Although a specific disclaimer of reliance on a representation will ordinarily bar a fraud claim, courts in New York recognize an exception to this rule where the facts represented are not matters peculiarly within the representing party’s knowledge, and the other party has the means available to him of knowing, by the exercise of ordinary intelligence, the truth or the real quality of the subject of the representation. This doctrine requires satisfaction of a two-prong test: that the material fact was information peculiarly within the knowledge of one party and that the information was not such that could have been discovered by the other party through the exercise of ordinary intelligence.
In this case, even assuming the degraded quality of its data was peculiarly within App Annie’s knowledge during negotiations, Similarweb’s own allegations plainly establish that it could have discovered those defects through exercising ordinary diligence. At the outset, Similarweb readily concedes that, after learning about Apple’s updates, it had enough information to inquire about whether there would be a material impact on App Annie’s data. It, in turn, repeatedly requested sample data sets from App Annie to assess whether the data would meet its requirements.

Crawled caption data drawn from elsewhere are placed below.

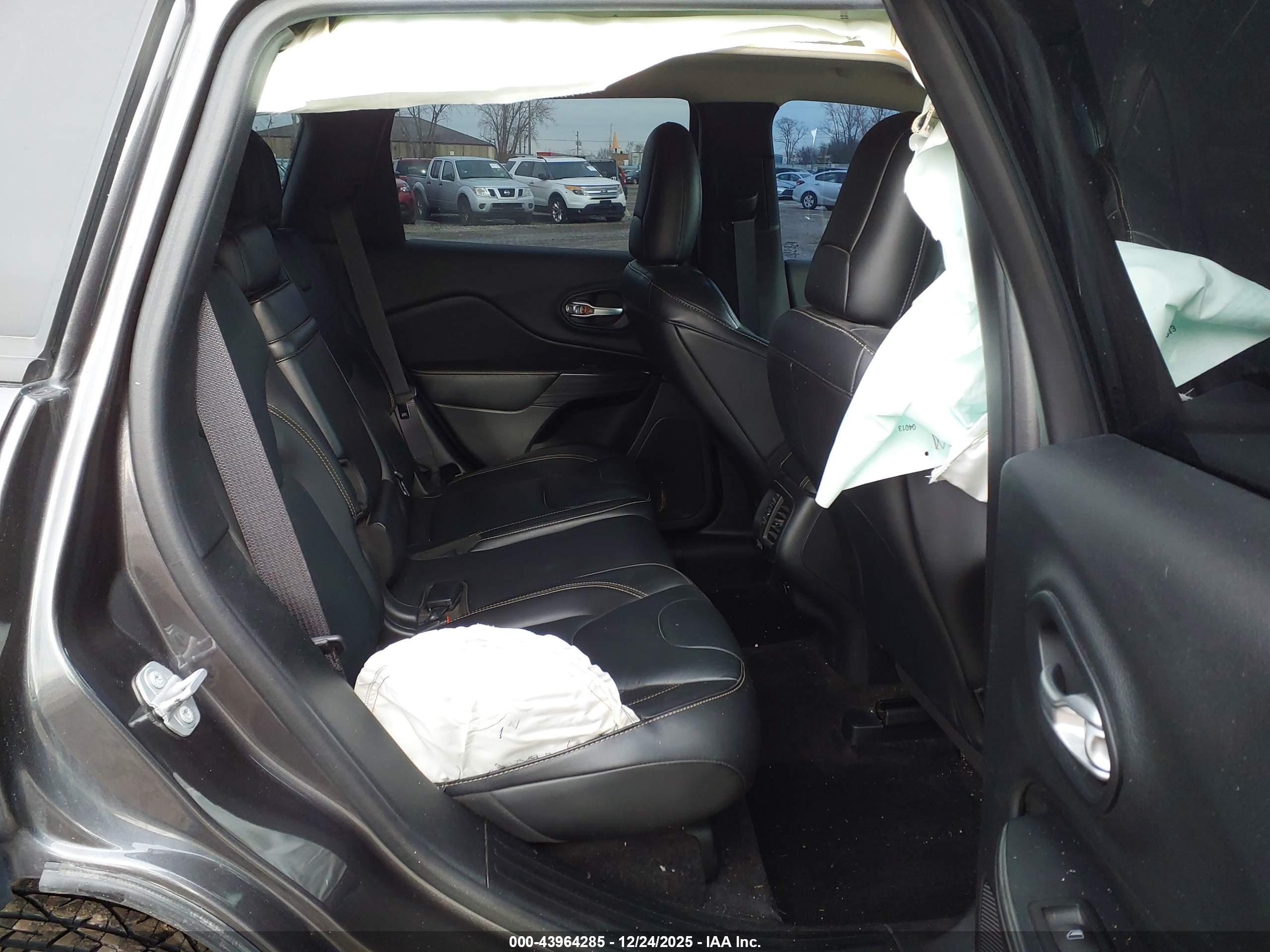 JEEP CHEROKEE image 8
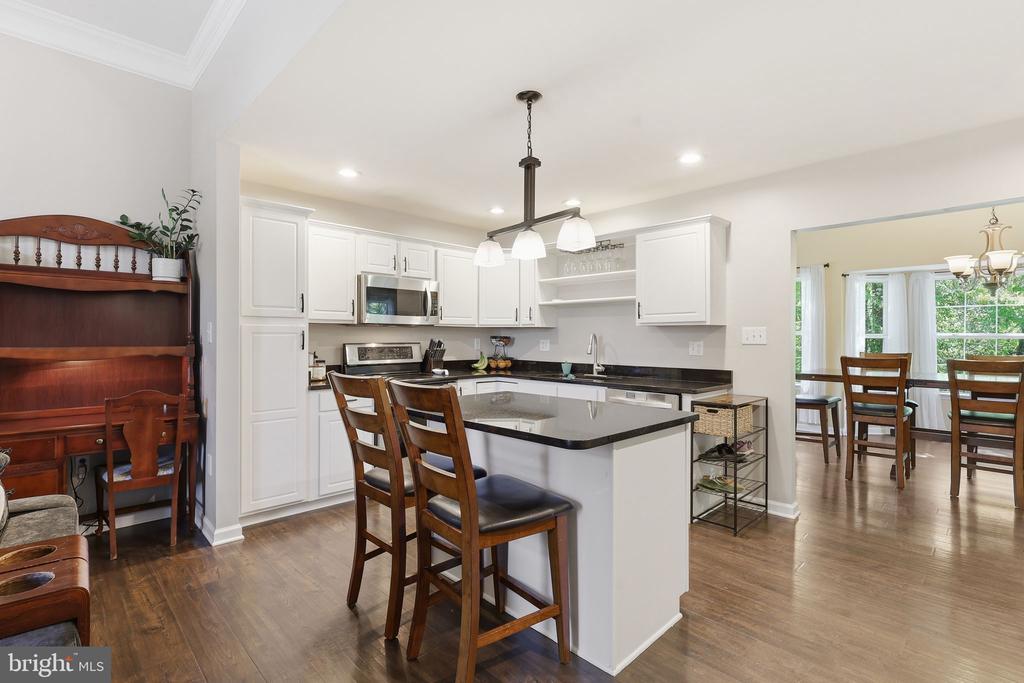 8507 OAK GLEN CT, FREDERICKSBURG, Virginia 22407, 4 Bedrooms Bedrooms, ,4 BathroomsBathrooms,Residential,8507 OAK GLEN CT,VASP2040792 MLS # VASP2040792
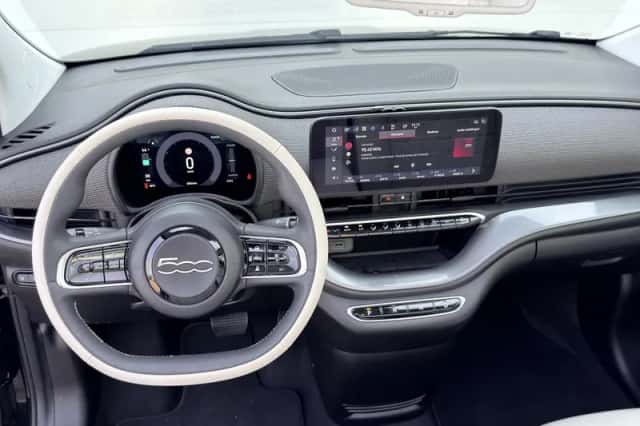 Fiat 500C (2021) thumbnail 4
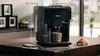 A Siemens espresso machine is shown on a countertop with dimensions and capacity indicated by text overlays. Náhled obrázku produktu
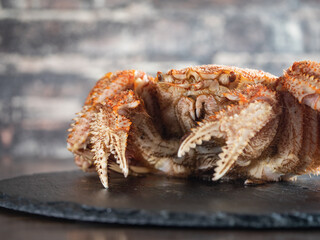 爪を開いてる茹で毛ガニのクローズアップ。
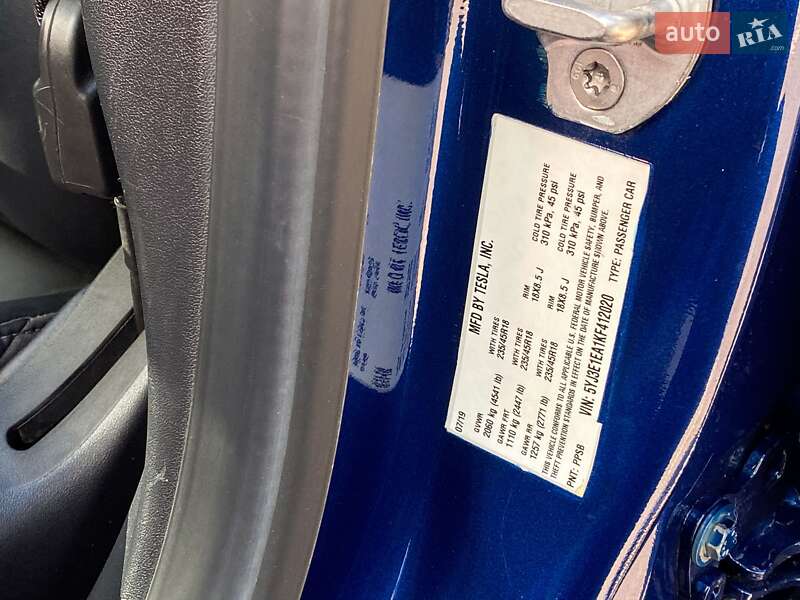 Седан Tesla Model 3 2019 в Киеве фото 24 Седан Tesla Model 3 2019 в Киеве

Critically, however, Similarweb explicitly acknowledges in its counterclaims that these data samples it received were deficient and that App Annie refused to give it anything more comprehensive. Yet despite Similarweb’s alleged position that it was critical that App Annie’s data meet its Requirements for it to be able to enter into any licensing agreement, it nevertheless decided to execute the DLA with full knowledge that it had only received deficient data sets. Thus, as its own allegations make clear, Similarweb had the means to uncover App Annie’s misrepresentations yet chose not exercise any reasonable diligence to ascertain the truth. Consequently, Similarweb’s invocation of the peculiar knowledge or special facts exception does not overcome the specific disclaimers set forth in the DLA.
In sum, because Similarweb’s fraudulent inducement claim is barred by the specific disclaimers and representations set forth in the DLA, SensorTower’s motion to dismiss this claim is granted.
(Internal quotations and citations omitted).